[Short text fragments from websites]

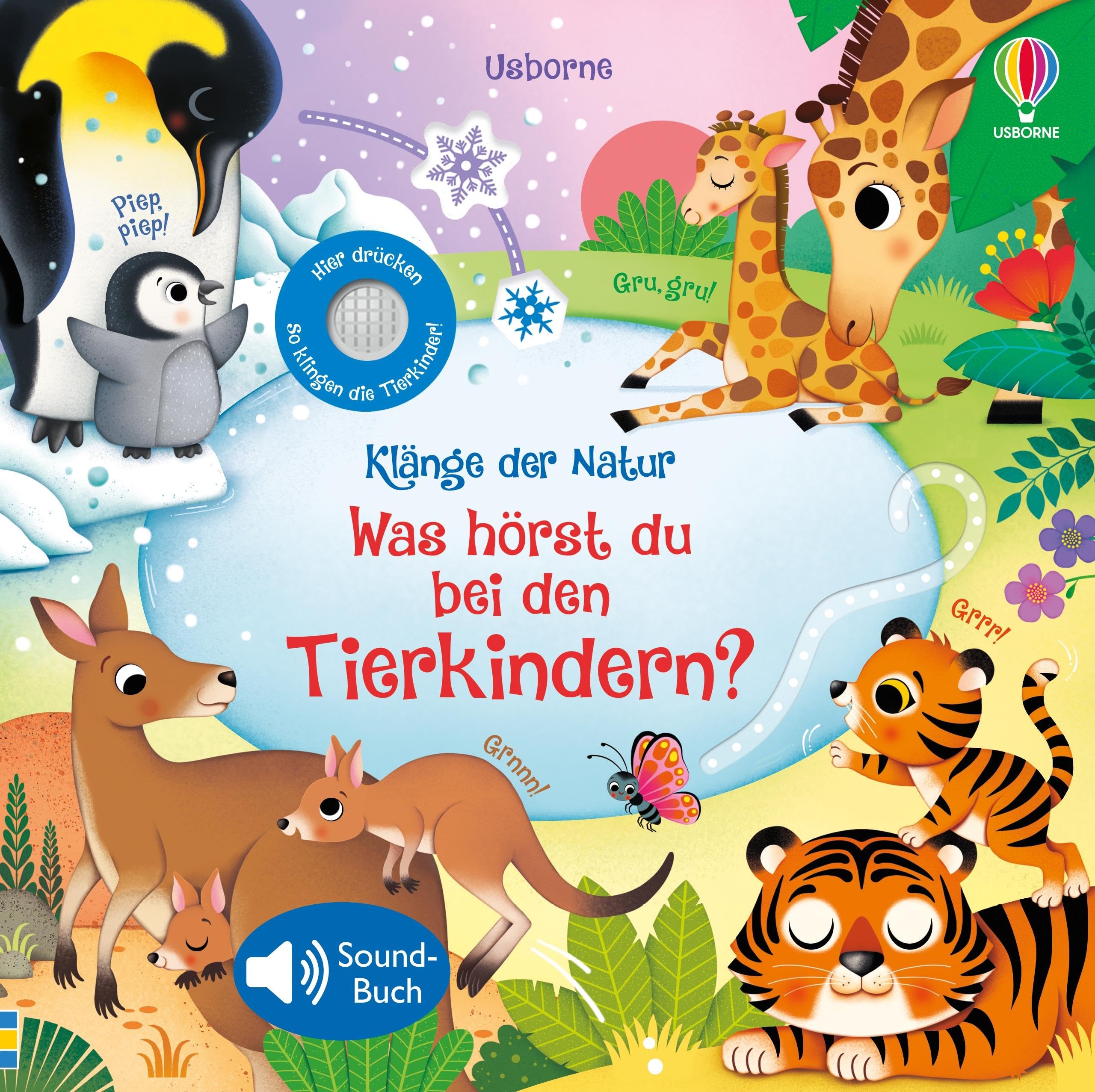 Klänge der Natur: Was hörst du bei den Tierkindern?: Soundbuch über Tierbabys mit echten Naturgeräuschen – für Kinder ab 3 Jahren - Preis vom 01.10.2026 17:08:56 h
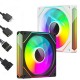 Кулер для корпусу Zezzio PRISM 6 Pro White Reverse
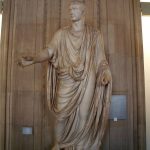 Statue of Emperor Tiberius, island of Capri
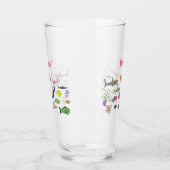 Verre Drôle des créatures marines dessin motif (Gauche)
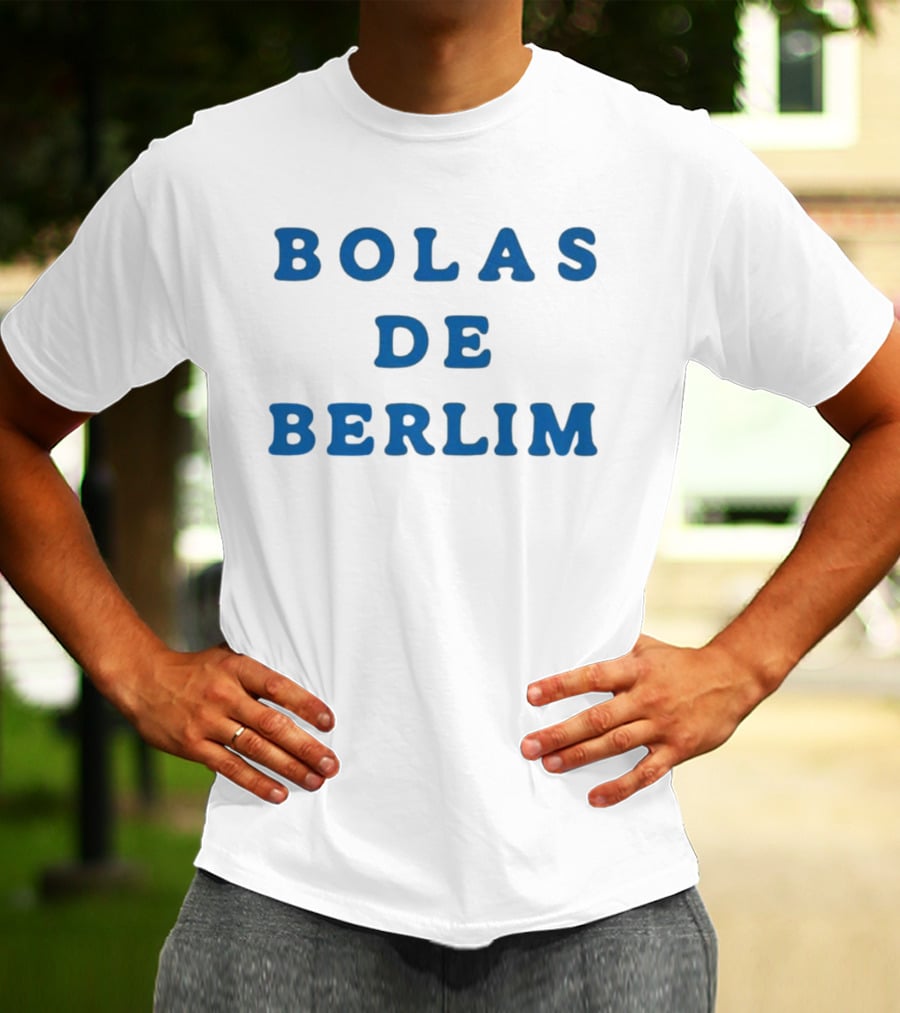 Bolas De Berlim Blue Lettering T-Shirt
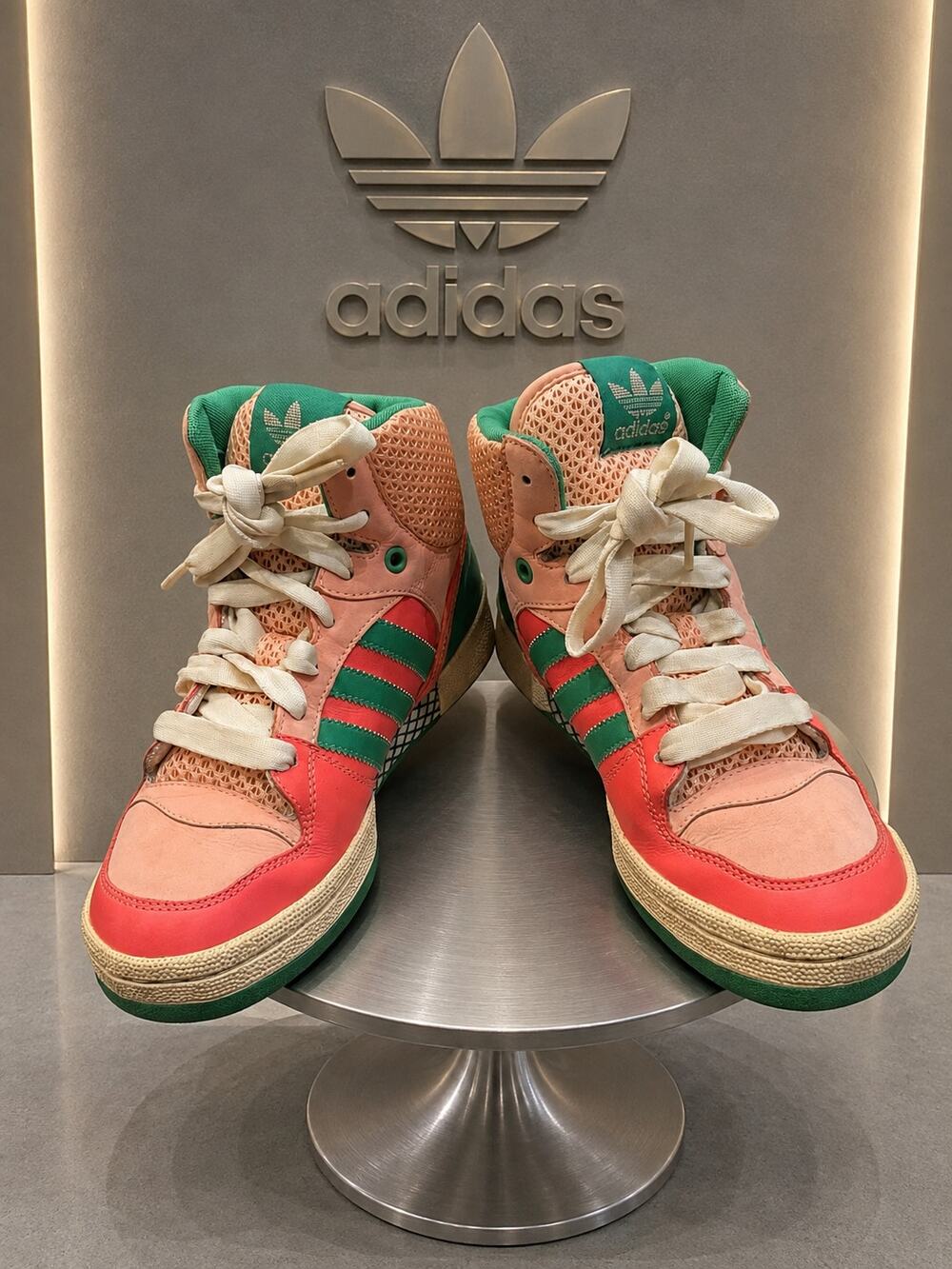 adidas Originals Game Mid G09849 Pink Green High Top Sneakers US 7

### [ASSIGNMENT]
Starting at the line containing "Verre Drôle des", output every remaining line of the records above exactly, the last one included. Nothing else belongs in the output, and no pictures either.

### [THE COMPLETED TASK]
 Verre Drôle des créatures marines dessin motif (Gauche)
 Bolas De Berlim Blue Lettering T-Shirt
 adidas Originals Game Mid G09849 Pink Green High Top Sneakers US 7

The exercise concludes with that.